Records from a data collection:
━━━━━━━━
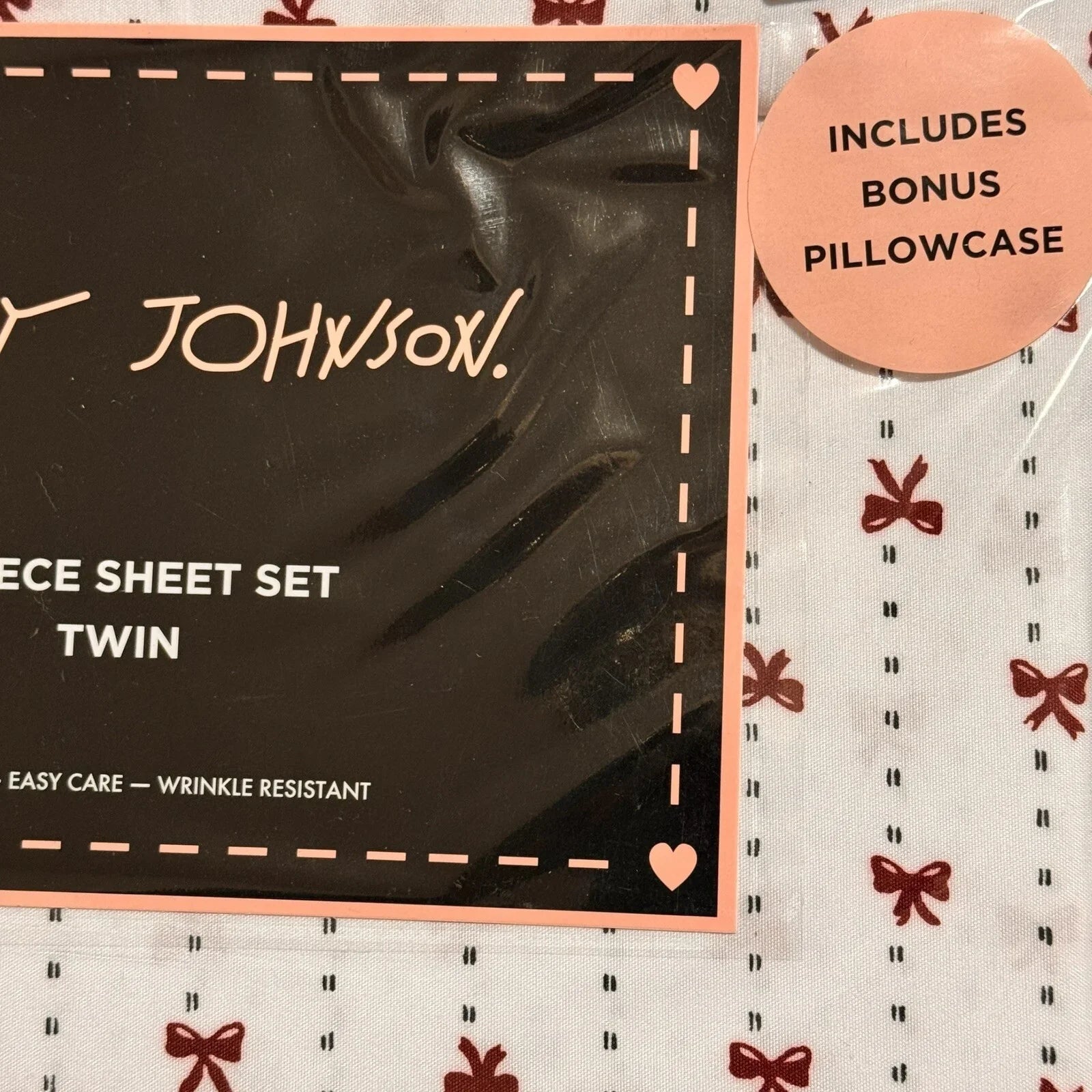 Betsey Johnson 4-Piece Twin Sheet Set – Ribbon Bows Christmas Design - Trendiez U ♥ 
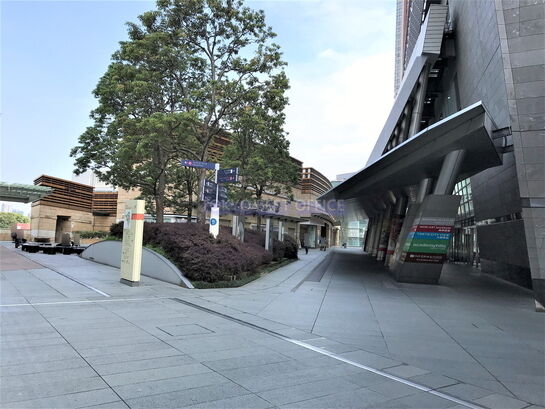 ビル周辺風景②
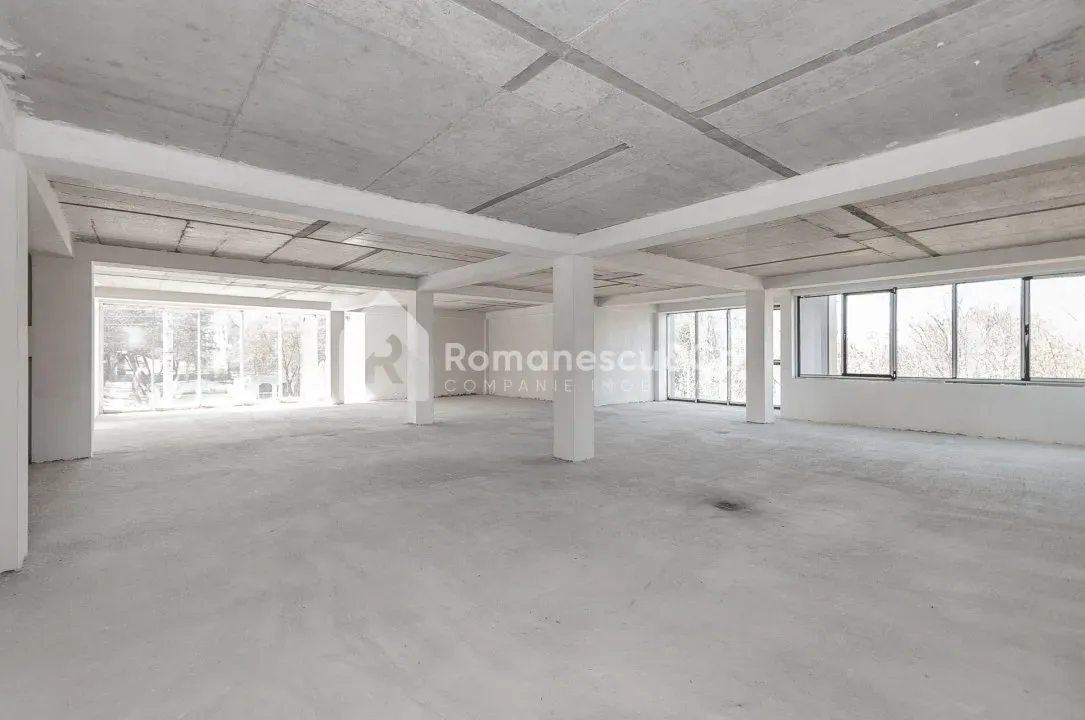 Commercial space, 1 150 m² — Image 1
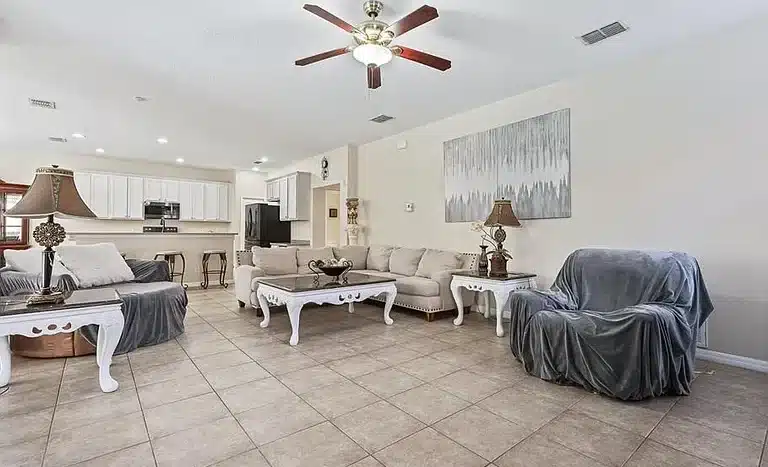 62c595b43f8297d4a4a9eaeb9fe82325 cc ft 768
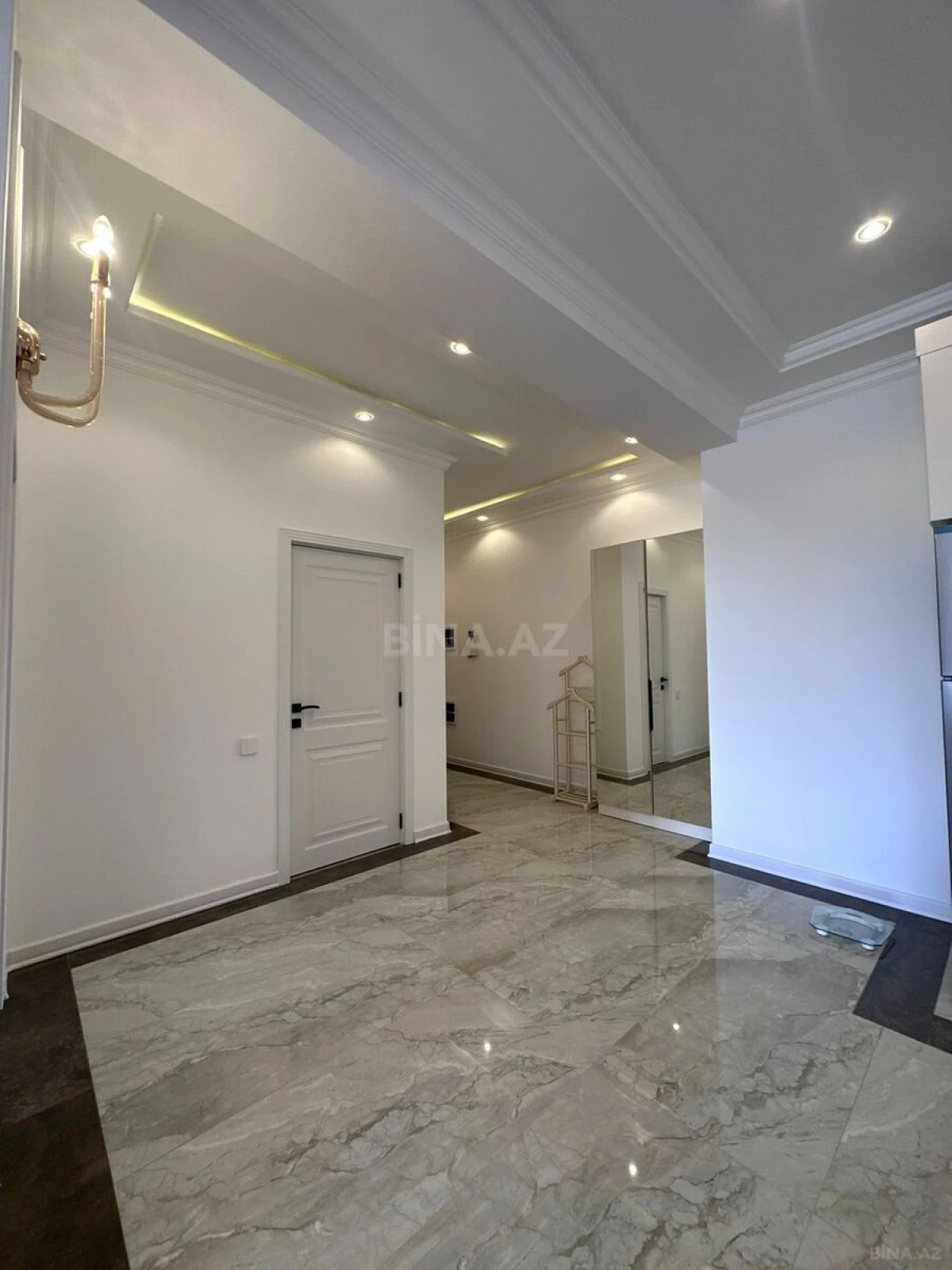 Kirayə verilir 2 otaqlı mənzil 85 m²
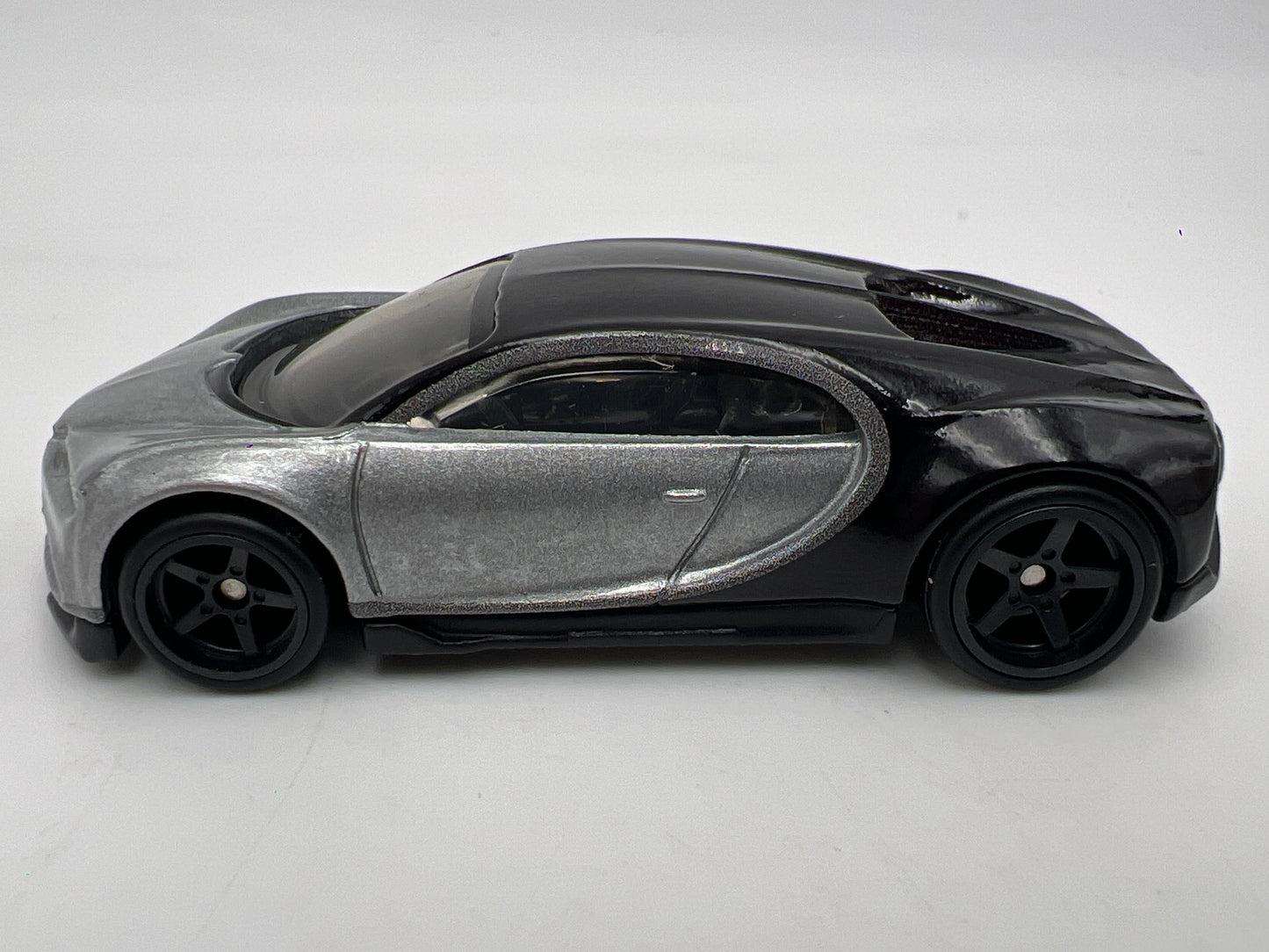 Hot Wheels Premium Target 2 Pack Loose 16 Bugatti Chiron Black/Silver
━━━━━━━━
Goal of the exercise: The entries are to be written out in full and exactly, apart from the pictures.

Reply to the exercise:
 Betsey Johnson 4-Piece Twin Sheet Set – Ribbon Bows Christmas Design - Trendiez U ♥ 
 ビル周辺風景②
 Commercial space, 1 150 m² — Image 1
 62c595b43f8297d4a4a9eaeb9fe82325 cc ft 768
 Kirayə verilir 2 otaqlı mənzil 85 m²
 Hot Wheels Premium Target 2 Pack Loose 16 Bugatti Chiron Black/Silver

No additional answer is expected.